Adapun pernyataan sikap Kelompok Tani Hutan dan Gabungan Kelompok Tani Hutan (KTH/Gapoktanhut) se-Kabupaten Blora dalam pengajuan program Kawasan Hutan Dengan Pengelolaan Khusus (KHDPK) Perhutanan Sosial sebanyak lebih dari 20ribu pesanggem atau petani penggarap lahan hutan sebagai berikut:
1.Menyambut Direktorat Jendral Perhutanan Sosial dan Kemitraan Lingkungan Balai Perhutanan Sosial dan Kemitraan Lingkungan Wilayah Jawa melakukan kegiatan fasilitasi dan validasi terhadap subjek dan objek pada SK.185/MENLHK/SETJEN PSL.0/3/2023 dan SK.192/MENLHK/PSKL PSL.0/3/2023 akan dilaksanakan pada awal Oktober 2023;
2.Meminta kepada Direktorat Jendral Perhutanan Sosial dan Kemitraan Lingkungan Balai Perhutanan Sosial dan Kemitraan Lingkungan Wilayah Jawa menetapkan KHDPK PS di areal yang diusulkan oleh pesanggem;
3.Meminta kepada Dinas Pangan Pertanian Peternakan dan Perikanan (DP4) Kabupaten Blora atau pihak terkait yang terlibat dalam syarat pengajuan RDKK, untuk segera menyetujui pengajuan program Rencana Definitif Kebutuhan Kelompok Tani (RDKK) yang telah diajukan oleh KTH/Gapoktanhut se-Kabupaten Blora; dan
4.Kami Kelompok Tani Hutan atau Gabungan Kelompok Tani Hutan wilayah Kabupaten Blora menolak adanya program Agroforesty Tebu Mandiri (ATM). Kami merasa program tersebut tidak pro petani. Jika lahan hutan beralih menjadi tebu, maka sumber pendapatan petani jagung, padi, polowijo, bio farmaka, holtikultura, dan banyak potensi lainnya hilang. Kami petani sudah menggarap bertahun – tahun sangat dirugikan.

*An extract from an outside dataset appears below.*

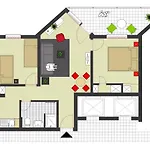 Apartman En El Centro De Marbella, Free Wi-fi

Sementara itu, dalam buku saku verifikasi teknis hutan kemasyarakatan KLHK menyebut, verifikasi teknis adalah untuk mengetahui secara langsung untuk mensinkronkan kondisi lapangan terkait subjek pemohon dan juga objek areal kawasan hutan yang dimohon. Hasil vertek inilah yang kemudian menjadi dasar penerbitan persetujuan pengelolaan hutan kemasyarakatan.